Government agencies are trying to raise awareness of the change, but states like Virginia and Minnesota say that as few as 10 percent of residents have been issued the new IDs, according to the Post. Those statistics have security and travel industry professionals concerned about the number of people who may be turned away from flights because they lack the required identification.
“We are going from a scenario where about 90 percent of the American public has the ability to fly today using any of their identification, but all of a sudden on October 1, 2020, if that doesn’t change, we have 40 percent of the population that may not be able to fly,” Erik Hansen, vice president of government relations at the U.S. Travel Association, told the Post.
Based on the current numbers, the association estimates that more than 70,000 people could be prevented from flying on the first day that the law goes into effect. Up to half a million people could experience problems during the first week, the association found.

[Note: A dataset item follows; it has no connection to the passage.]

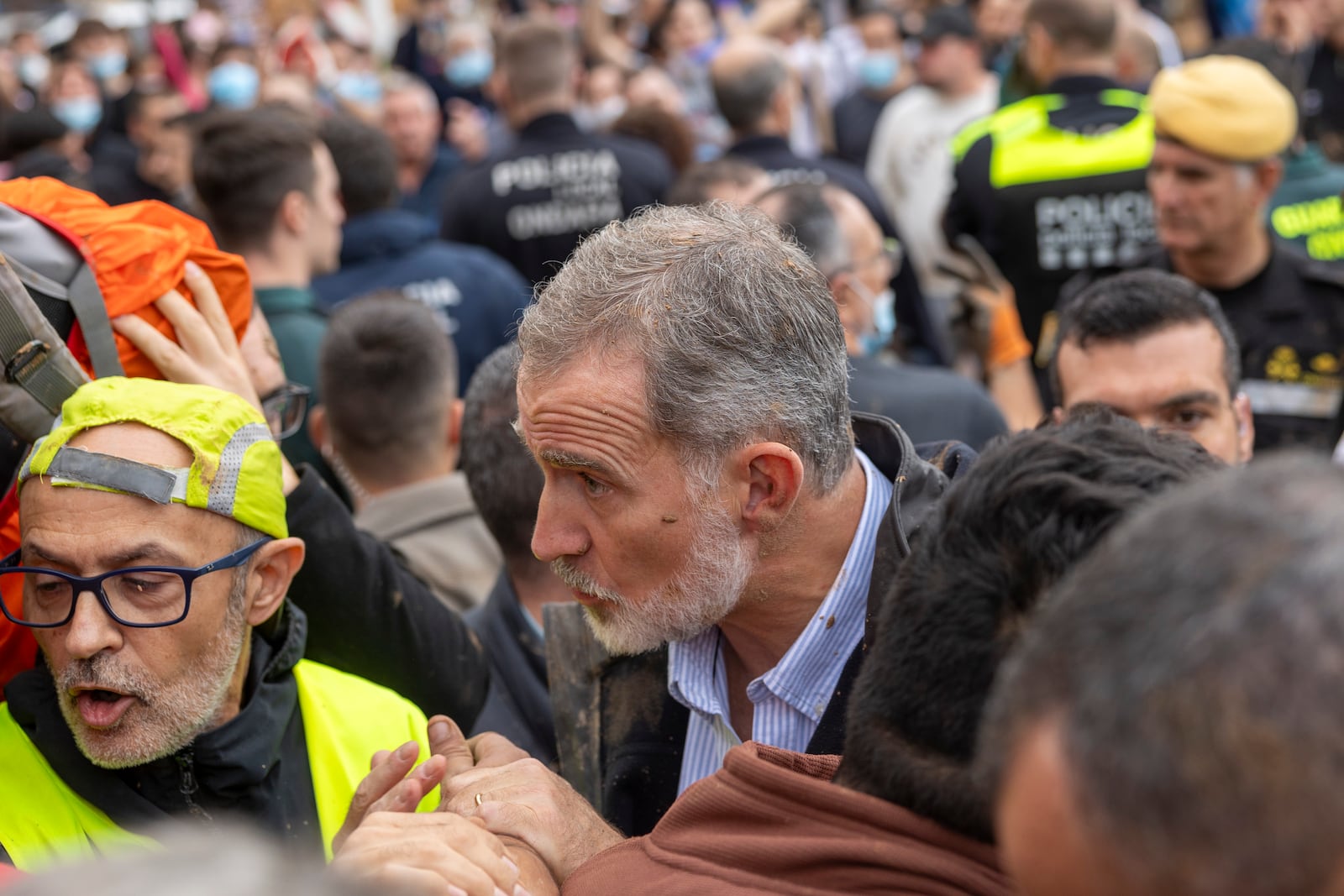 Spain's King Felipe VI speaks with people amidst angry Spanish flood survivors in Paiporta, near Valencia, Spain, Sunday Nov. 3, 2024. (AP Photo/David Melero)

While raising awareness is one part of the solution, the Travel Association also wants Congress and the Department of Homeland Security, which oversees the TSA, to change the Real ID process to make it easier for states to comply. One key step: eliminating the requirement that residents have to apply for the new IDs at motor vehicle administration offices, which has caused long lines across the country and is likely to get worse as the deadline approaches.
In addition, the group wants the TSA to develop alternative screening procedures to allow passengers without a Real ID to get through security after the deadline. Travelers enrolled in TSA PreCheck, which involves an extensive background check process, should be able to get through without a Real ID, the U.S. Travel Association argues.
Only 29 percent of people surveyed by the organization said that the deadline should be enforced without exemptions. The association says that the new technology developed since the law was passed in 2005 should be part of the solution.
“We can improve secure identity without turning away hundreds of thousands or millions of people,” Hansen said.